What's not mentioned in this summary are the show tunes which pepper the movie, with titles like 'Choo choo, ch'boogie' and 'Shook Out of Shape,' and a number of dance routines featuring lines of girls who've been given seemingly little or no rehearsal time. Truly the first monster musical, this is a freewheeling movie with more than a hint of being made up on the spot - and that's not a criticism; Steckler was proud of this approach to filmmaking. The exteriors were filmed at the Pike amusement park in Long Beach, California, tapping in to Steckler's fairground past, whereas the interiors were shot on sets built in an abandoned Masonic temple in Glendale, California (used the same year to shoot Vic Savage's
The Creeping Terror). Steckler apparently fended off union intervention by shooting on an upper floor of the building and putting up fake signs that the lifts were out of order - nifty!
The movie was released by Fairway-International Pictures, which gave Arch the ability to sneak the flick onto the lower half of a double bill, with one of his own films as the A picture (maybe
The Nasty Rabbit?). Steckler subsequently bought back the distribution rights and cued the movie up with Coleman Francis's 1961 Tor Johnson vehicle
The Beast of Yucca Flats (Francis would later turn up in some of Ray's features). He maximised the shelf life of
Incredibly Strange Creatures... by re-titling the film several times for re-release, including
Diabolical Dr Voodoo,
The Teenage Psycho Meets Bloody Mary, and
The Incredibly Mixed-up Zombie. Steckler also advertised the movie in a number of different viewing formats, taking a leaf out of William Castle's huckster manual. According to Steckler, his film was shot in in “Bloody-Vision,” “Terrorama” and “Hallucinogenic Hypnovision,” the latter of which involved Steckler and his team running out into venues wearing monster masks. Whew!
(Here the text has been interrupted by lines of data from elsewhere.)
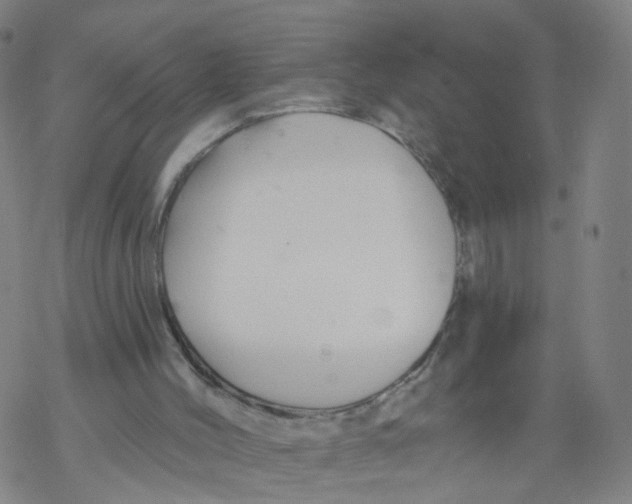 X0000068890004200605261857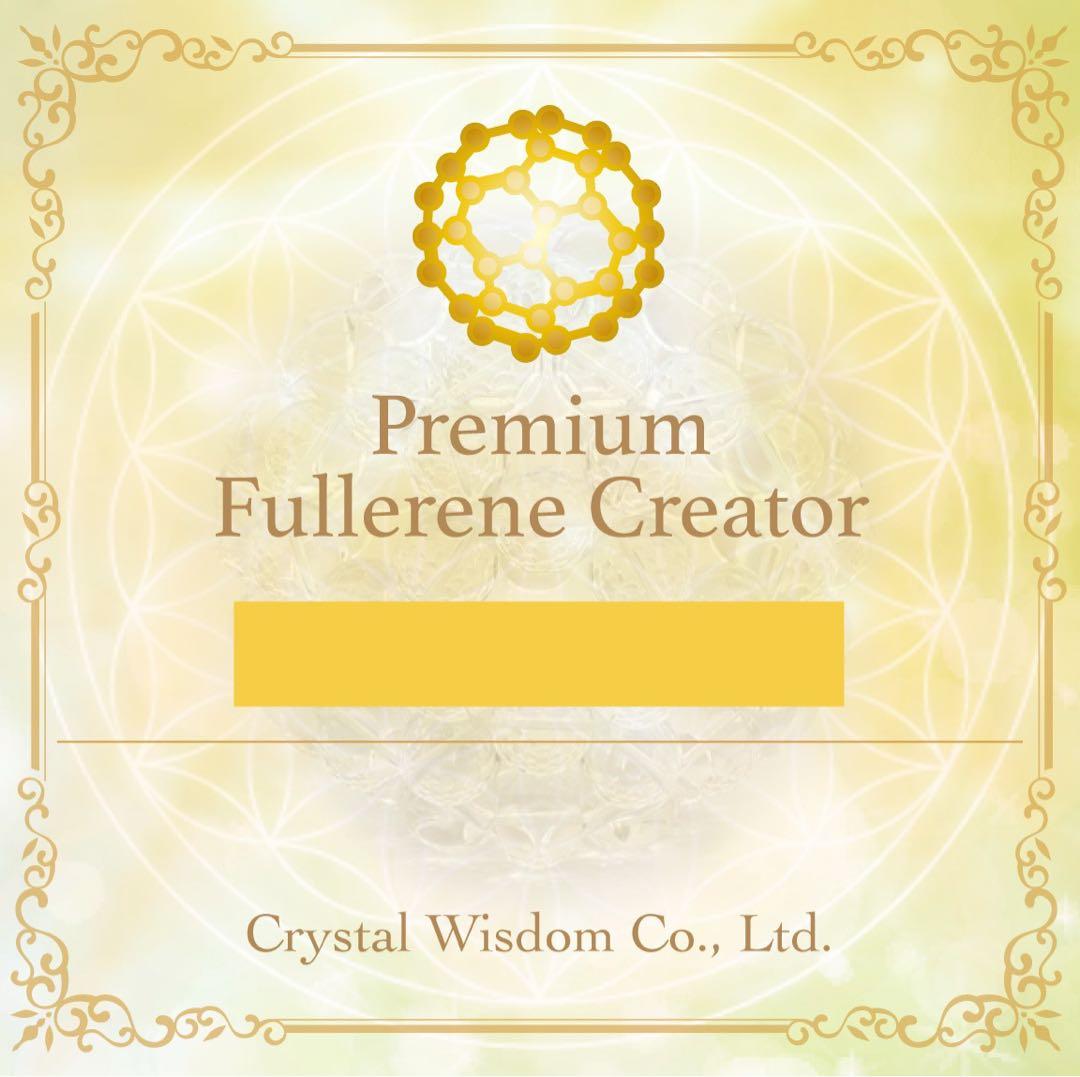 新作❣️Wフラーレン❣️特大フラーレンIN天然フラーレン☆シュンガイト☆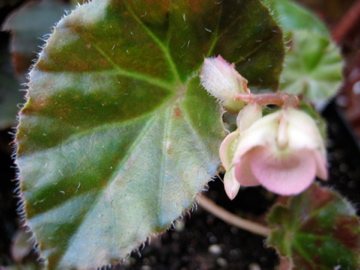 B. ‘Bessie Buxton’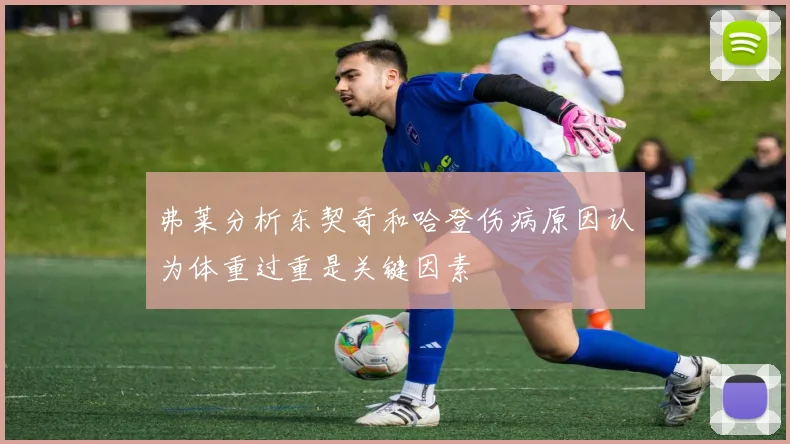 弗莱分析东契奇和哈登伤病原因认为体重过重是关键因素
The Thrill Killers (1964) "I just wanted to make another movie," said Steckler in an interview when asked retrospectively about his next film. Completed a year after filming
Incredibly Strange Creatures... and just after his stint as camera operator on Phillip Mark's nudie cutie
Everybody Loves It (credited as Raymond Steckler) Steckler wrote, produced, and directed
The Thrill Killers, apparently inspired by his exposure to
Psycho with which he was so impressed that he saw it twice "to make sure it was a movie." But in its intensity and amoral lawlessness, not to mention the down at heel country locations, it more closely resembles Arch Hall's
The Sadist (1963).
Steckler maintained that he wasn't initially to be cast in the movie, but inserted his character into it to lengthen the running time. The original story focused on the escape of three inmates from a secure facility. Having made their getaway, the prisoners, all insane, terrorise the local community. Meanwhile the brother of one them, also a crazed killer (Steckler), is called on to assist the fugitives, until the police intercept and take out the bad guys. This plot summary is purposely brief; there's a lot more to this movie than those few lines.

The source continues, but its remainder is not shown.